On television, eight films from Palador's catalog were shown in association with Tata Sky during October–November 2007, including films by directors Akira Kurosawa, Wim Wenders, François Truffaut and Wong Kar-wai. The company recently closed a deal with Zee Studio to show 26 of its films for six months.

===DVD releases===
Palador has launched a DVD Label called 'The One World Collection' and have released world cinema titles under it. The films are being sold as box sets and as individual titles. Some of the movies include: Akira Kurosawa's Seven Samurai, Yojimbo, Throne of Blood; and Ingmar Bergman's Wild Strawberries and Summer Interlude.

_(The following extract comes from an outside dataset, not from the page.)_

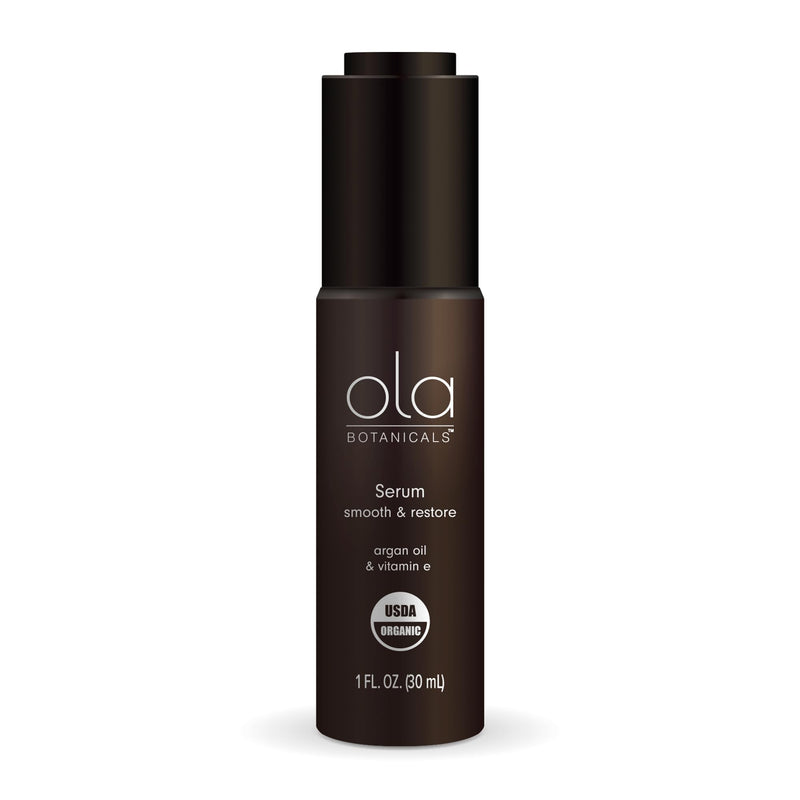 Ola Botanicals Organic Serum, 13 Botanical Oils, 1 fl oz (30 mL) | Smooth and Restore, Argan Oil and Vitamin E, Certified USDA Organic, Cruelty Free, Non-GMO, Non-Greasy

Palador has tied up with Moser Baer, to offer 50 films on DVD. These titles expected to cost INR 399, will mark the entry of Moser Baer, known for their inexpensive DVDs and VCDs, into a premium category.

==Online promotion==
The company is promoting world cinema online via different partnerships. It is selling its DVD titles and box sets with Indiaplaza.in and from their own online store. Akira Kurosawa, Wong Kar-wai, François Truffaut and World Cinema Collectors Box Sets are available in these stores.

As a promotional measure Palador has also begun a 'Trip To Cannes' contest that allows those that buy these box sets to win a trip to the Cannes Film Festival 2008.

The online store does not have customer support, and there are no listed phone numbers to contact in case of ordering or shipping problems. E-mails to their support team are not entertained in case of disputes.

==Valuation==
Palador raised funding of US$6 million from private investors including Mahesh Mathai, the director of Indian film, Bhopal Express in August 2007, after a 15% dilution of equity. By this estimation the valuation of Palador is US$40 million. The valuation is understated considering that the world cinema market in the country has been estimated to reach a valuation of Indian Rs.1,500 crore by 2009 and compose 20 percent of the non-Indian language movie segment in India.

==Dispute with UTV==
The company was in a joint venture agreement with UTV Software Communications Ltd. in 2006–07. The partnership soured and UTV terminated the contract, citing 'material breach and non-performance' in May 2007. However, after a court arbitration UTV had to unconditionally withdraw the allegations in August 2007. Things soured further between the two and Palador took UTV to court in November 2007.